耿樂樂一聽這聲音,有點熟悉啊。拿下手機一看,打電話的還真是賀朝。再定睛一看,好家伙,手機也不是她的。剛剛阮蘇跑得急,她追過去的時候感覺手機放在吧臺上不安全,順手就給抄到口袋里了。
她嗯了聲,“她現在不方便接電話,晚點我讓她打給你。”說著就要掛斷。
“等等!”賀朝連忙叫停,昨天阮蘇給他發消息告訴他打算明天就去公司,說著說著突然就斷了聯系,打電話也沒接,他等了好一會也沒等到回復,害怕會不會有什么事情,就抱著試一試的心態打了過來。
耿樂樂那邊聽起來很嘈雜,有人說話,還有隱隱約約的音樂聲,想來是在酒吧。在酒吧里阮蘇不方便接電話的唯一可能解釋就是喝醉了。
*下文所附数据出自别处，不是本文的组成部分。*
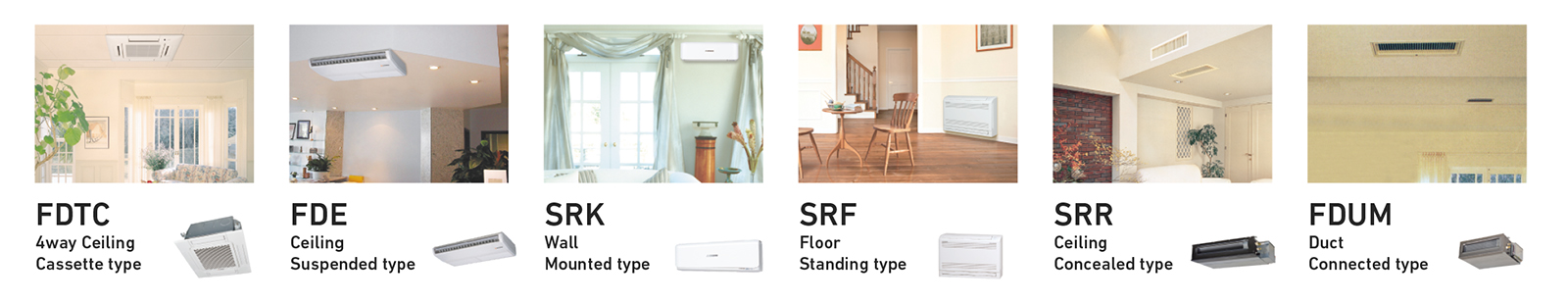 Các kiểu dàn lạnh kết nối với dàn nóng SCM771ZM-S1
“學姐,蘇蘇和你是不是在澀......”賀朝實在說不出口耿樂樂那個酒吧的名字,就改口道:“是在上次那個酒吧嗎?”
一旁的阮蘇已經快要滑到地上地上了,耿樂樂連忙抵住她下滑的趨勢,不耐煩地嗯了聲:“你還有沒有事,趕緊的,姐忙著呢!”
賀朝勾著車鑰匙就往門外跑:“學姐,我來找你們,你們在那等我!”說完就結束了通話。
耿樂樂看著被掛斷的界面:“......”
行吧行吧,反正總是要找一個人幫忙的,白送上門的不要是傻子。
賀朝來的很快,耿樂樂沒站一會就到了,她站在洗手間門口,一邊回頭留意阮蘇,一邊招呼著賀朝:“這兒!”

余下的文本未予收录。